Das hieß aber gleichzeitig, dass ich den Geburtstag einigermaßen gut genießen konnte und mich nicht (ständig) das schlechte Gewissen plagte. Ende des Monats ging es dann noch auf eine Hochzeit, die ebenfalls gebührend gefeiert werden wollte. 
Überraschenderweise sammelten sich dennoch einige Bücher bei mir an, die ich im August beendet habe. Auch so ein Phänomen: Je weniger Zeit man eigentlich hat, desto mehr scheint man in anderen Bereichen zu schaffen. Ich hoffe, dass es sich nicht am Ende irgendwie rächen wird. 

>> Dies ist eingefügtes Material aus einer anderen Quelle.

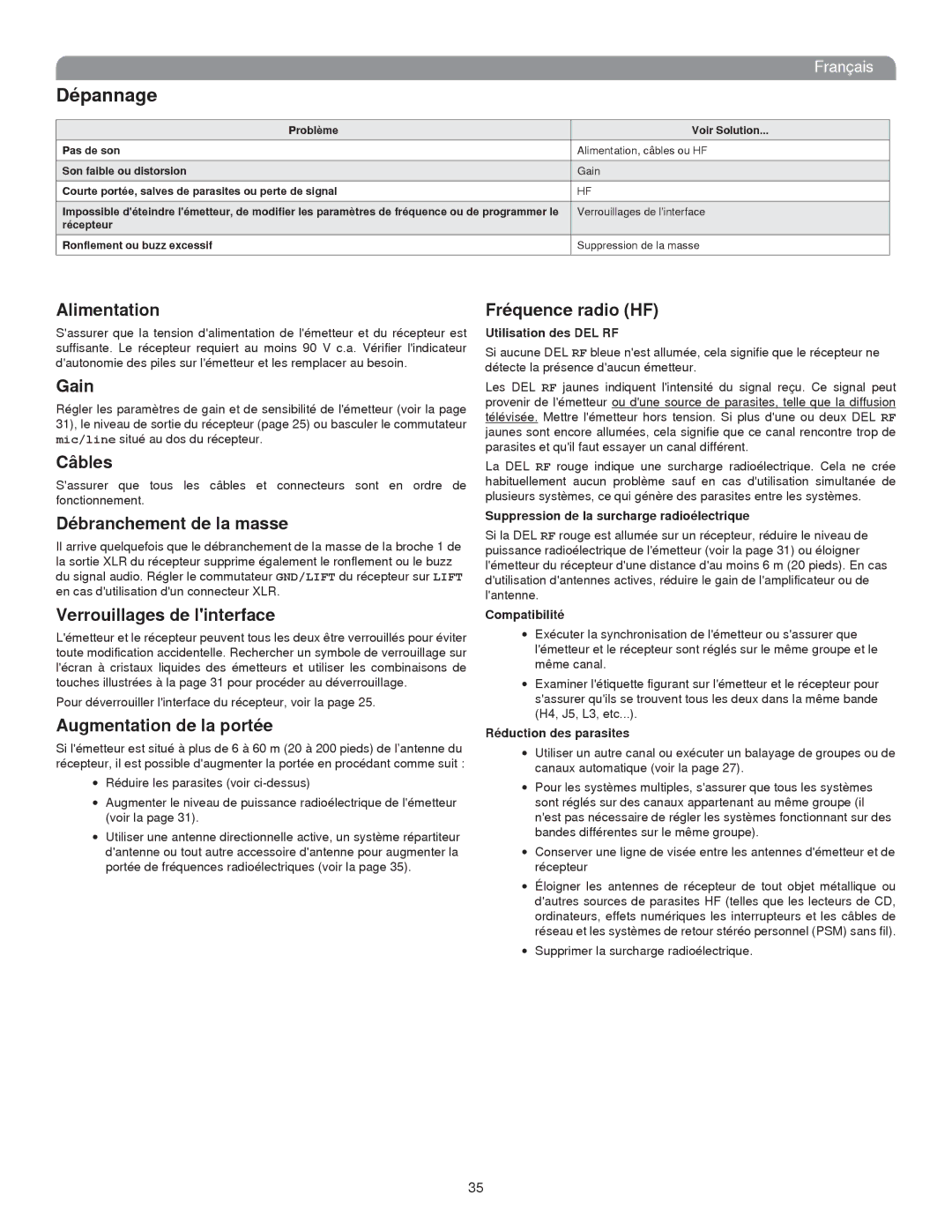 Shure UHF-R manual Dépannage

Mit den Geschichten war ich grundsätzlich ganz zufrieden, auch wenn mir bei den meisten, genauso viele Dinge daran gefallen haben, wie sie mir missfallen sind. Dennoch gab es überwiegend eine Bewertung, die knapp über dem Durchschnitt lag.

Wie immer gelangt ihr durch Anklicken des Buchtitels, falls vorhanden, auf die jeweilige Rezensionsseite.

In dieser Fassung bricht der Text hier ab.